SPIEGEL ONLINE: Welche Wählergruppen sprechen Sie an? Sie sind ja im CCC und bei Fitug aktiv.

Donnerhacke: Die Zusammensetzung der Icann-at-Large-Wählerschaft ist völlig unbekannt. Deswegen macht ein populistischer Wahlkampf - der mir sowieso nicht liegt - keinen Sinn. Meiner Ansicht nach werden die Wähler mich wählen, die mich für integer und unabhängig halten. Ein kleinerer Teil wird mich wegen vermuteter technischer oder sozialer Kompetenz wählen. Das ist zumindest mein Eindruck nach den ersten Rückmeldungen.

SPIEGEL ONLINE: Wie wollen Sie Ihr Engagement finanzieren? Haben Ihnen Lobbyisten schon eine offizielle Unterstützung angetragen?

Donnerhacke: Danke für die Fangfrage. Zuerst einmal ist zu sagen, dass Icann die notwendigen Auslagen eines Direktors ersetzen kann. Ob, wie und in welchem Umfang das geschieht, ist derzeit unklar. Allerdings habe ich schon mit Politikern und Geschäftsleuten gesprochen. Eine direkte Unterstützung möchte ich nur seitens der Regierung annehmen. Unternehmen werden und können über den Fitug tätig werden, um hier keine zu große Abhängigkeit entstehen zu lassen.

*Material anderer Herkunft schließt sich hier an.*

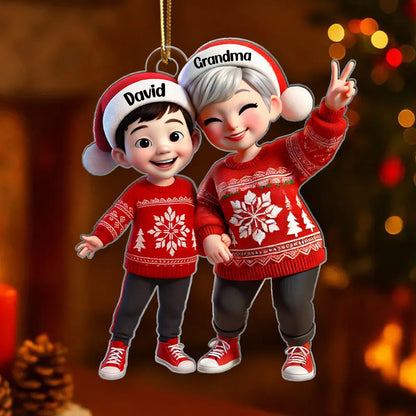 Acrylic Ornament with Grandma & Grandchild Christmas Theme, Festive Red Sweater Design, Perfect Family Gift Keepsake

SPIEGEL ONLINE: Das heißt konkret?

Donnerhacke: Die derzeitige Situation ist nicht ausreichend geklärt, um schon jetzt feste Zusagen vorlegen zu können. Einige Kandidaten haben Unterstützung zugesagt bekommen. Was geschieht eigentlich damit, wenn diese unabhängigen Kandidaten nicht gewählt werden? Ich kann mir eine Situation, in der ein Direktor aus Europa ein Treffen wegen fehlender Finanzen absagen muss, nicht vorstellen. Die Welt würde uns mit Häme überschütten.

SPIEGEL ONLINE: Konkret hoffen Sie auf Unterstützung durch das Bundesforschungsministerium?

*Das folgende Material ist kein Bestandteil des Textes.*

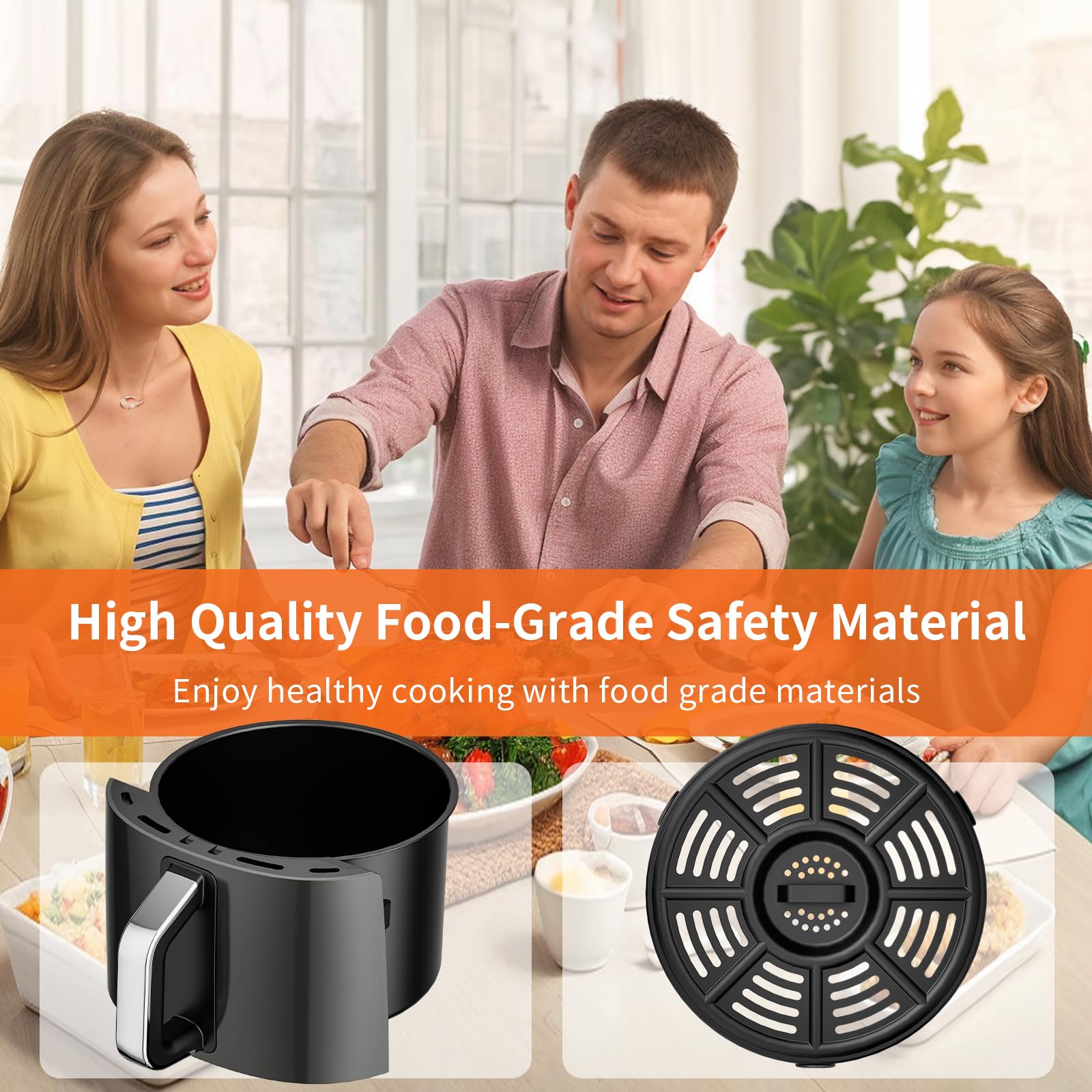 Ninja AF150 AF161 Air Fryer Replacement Basket & Tray - Non-Stick Dishwasher-Safe Accessories with Cover | Perfect for Healthy Frying, Roasting & Reheating Food at Home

Donnerhacke: Nein. Ich hoffe auf eine ausreichende Auslegung der Kann-Bestimmung der Icann-Satzung, die diese Diskussion substanzlos machen würde. Welche Ministerien sich für welche Unterstützung bereit erklären, ist für mich derzeit nicht absehbar. Ich wurde aber auf entsprechende Vorgespräche hingewiesen. Ein Icann-Direktor arbeitet ehrenamtlich. Das ist mir in jedem Fall klar. Es geht nur um die zwingenden Auslagen, die man braucht, um der Tätigkeit nachgehen zu können.

SPIEGEL ONLINE: Denken Sie, dass Sie die politischen Positionen des Forschungsministeriums tragen könnten?

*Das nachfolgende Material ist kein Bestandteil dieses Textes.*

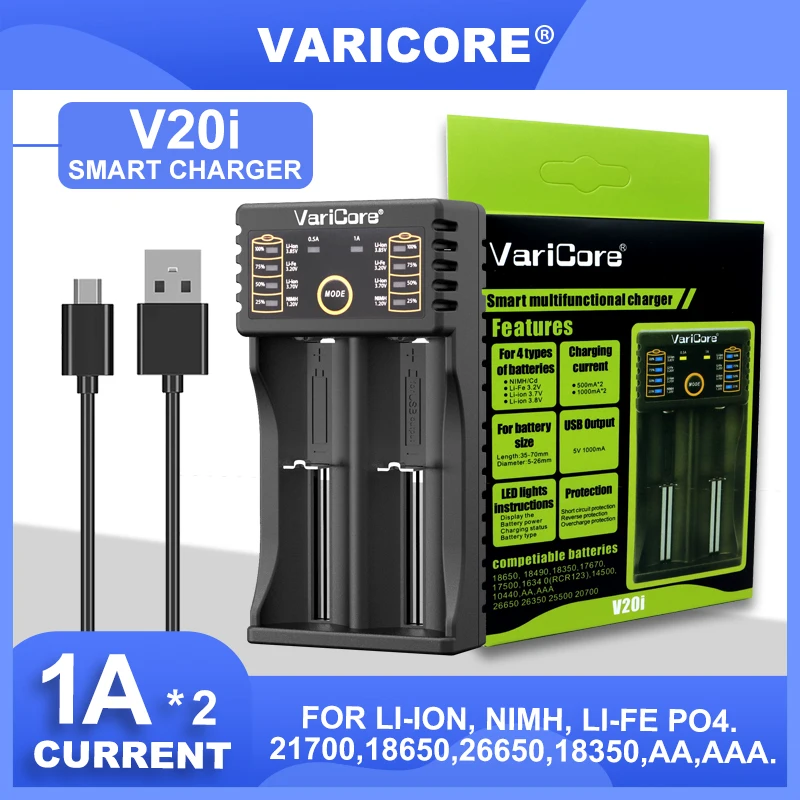 VariCore V40 V20i TR-2000 ładowarka do 18650 21700 26650 AA AAA 18350 18500 16340 17500 25500 10440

Donnerhacke: Eine politische Gängelung über die Finanzschiene seitens eines Ministeriums würde zumindest bei mir zu unangenehmen Folgen führen. Ich bin mindestens in der Hinsicht ein Querkopf, der die notwendige Konfrontation, bei Bedarf auch öffentlich, nicht scheut.

SPIEGEL ONLINE: Haben Sie den Eindruck, dass Regierung und Industrielobby lieber altgediente Leute in Gremien wie Icann sehen wollen?

Donnerhacke: Ja. Das ist ja auch nur zu verständlich.

SPIEGEL ONLINE: Was sind für Sie die wesentlichen Punkte, die Sie bei Icann anbringen wollen?

Donnerhacke: Mir geht es um Stabilität und Zuverlässigkeit der Registraturdienste. Ich möchte das Feld nicht den Wirtschaftlern und Markenrechtlern überlassen, die eine TLD ".coco-cola" oder ".mercedes" durchzusetzen suchen. Auch die Gerichte sind nicht immer gute Ratgeber, wenn man an den Leipziger Fall mit der Telefonnummer 4711 für eine Taxifirma zurückdenkt. Soll in Zukunft die WIPO über 47.11.0.0/16 entscheiden? Auch wenn Marketingabteilungen den Unterschied zwischen Anschriftsadresse und Stichwortsystem nicht begreifen können, so ist er deswegen immer noch vorhanden. Ich kann das auch zwischen den Streitparteien vermitteln. Das habe ich im Usenet geübt.